Born in Basra to an Iraqi father and a Palestinian mother, Sama Alshaibi is based in the United States where she is Chair and Regents Professor of Photography, Video Art, and Imagining at the University of Arizona, Tucson. Alshaibi holds a BA in Photography from Columbia College and an MFA in Photography, Video, and Media Arts from the University of Colorado. She was a recipient of the Fulbright Scholar Fellowship in 2014 as part of a residency at the Palestine Museum, where she developed an educational program while conducting independent research, as well as the recipient of the Guggenheim Fellowship in 2021. Alshaibi has also participated in significant residencies including MacDowell, Bellagio and Artpace.
Recently, Alshaibi has been featured in solo and group exhibitions at Maraya Art Centre, Sharjah (2023), Phoenix Art Museum, Arizona (2022), Artpace, San Antonio, Texas (2019); Cairo International Biennale (2019); Pen + Brush, New York (2019); Ayyam Gallery, Al Quoz, Dubai (2019, 2018, 2015); Arizona Biennale, Tucson Museum of Art, Tucson, USA (2018); American University Museum, Washington (2018, 2017); Beirut Spring Festival, Beirut, Lebanon (2018); Palazzo Granafei- Nervegna, Brindisi (2017); Tuscon Museum of Art, Arizona (2017); Johnson Museum of Art, New York (2017); Center for Curatorial Studies at Bard College, New York (2017); Marta Herford Museum, Herford (2017); Museum De Wieger, Deurne (2017); Brentwood Arts Exchange, Maryland (2017); Honolulu Biennial, Honolulu (2017, 2014); Scottsdale Museum of Contemporary Art, Arizona (2016); Desai Matta Gallery - the California Institute of Integral Studies, San Francisco (2016); FotoFest, Houston (2016, 2014); Pirineos Sur Festival, Lanuza (2015); Palais De La Culture, Constantine (2015); Ayyam Gallery, London (2015); Arab American National Museum, Dearborn (2015); the Maldives Pavilion of the Venice Biennale (2013); University of Southampton, Southampton (2013); Edge of Arabia, London (2012); HilgerBROTKunsthalle, Vienna (2012); Institut Du Monde Arabe, Paris (2012); Maraya Art Centre, Sharjah (2012); and Museum of Modern Art, New York (2012).

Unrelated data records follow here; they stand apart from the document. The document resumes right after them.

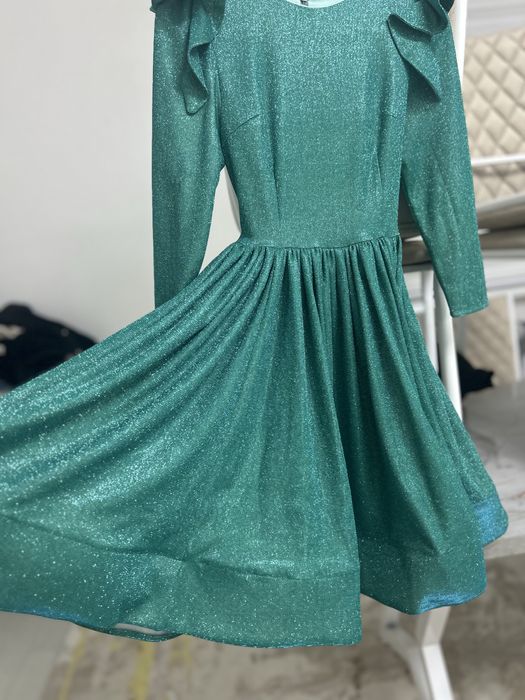 Блестящее изумрудное платье ручной работы для девочки 11–12 лет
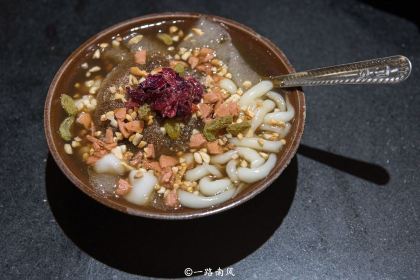 楠火锅(四小区总店)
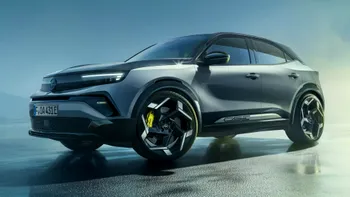 Opel ia fața BMW, Mercedes și Audi cu un SUV electric de top. Noul Mokka GSE are 278 de cai putere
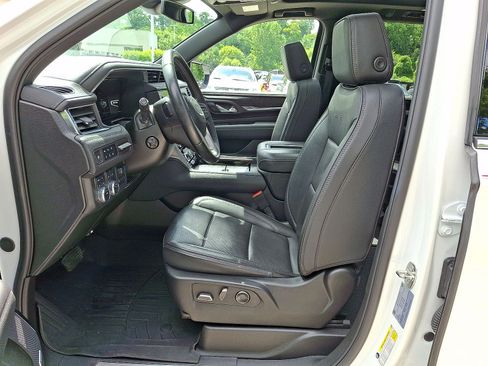 Used 2024 GMC Yukon XL Denali w/ Max Trailering Package AWD/4WD image 11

Alshaibi’s works are housed in public and private collections, including the Herbert F. Johnson Museum of Art at Cornell University, NY, USA; Montclair Art Museum, Montclair, NJ, USA; ASU Art Museum, Tempe, AZ, USA; Museums at Washington and Lee University, Lexington, VA, USA; Arab American National Museum, Dearborn, MI, USA; Center for Creative Photography, Tucson, AZ, USA; the Nadour Collection; The Museum of Fine Arts, Houston, Texas; Barjeel Art Foundation, Sharjah; Museum of Modern and Contemporary Art, Tunis; Light Work Collection, Syracuse; University of Illinois, Chicago; University of Colorado Art Museum, Boulder; The Photo Archive of the Getty Research Institute, Los Angeles; and the C.N. Gorman Museum at the University of California, Davis.
In 2015, Aperture Foundation published Alshaibi’s first monograph, Sand Rushes In.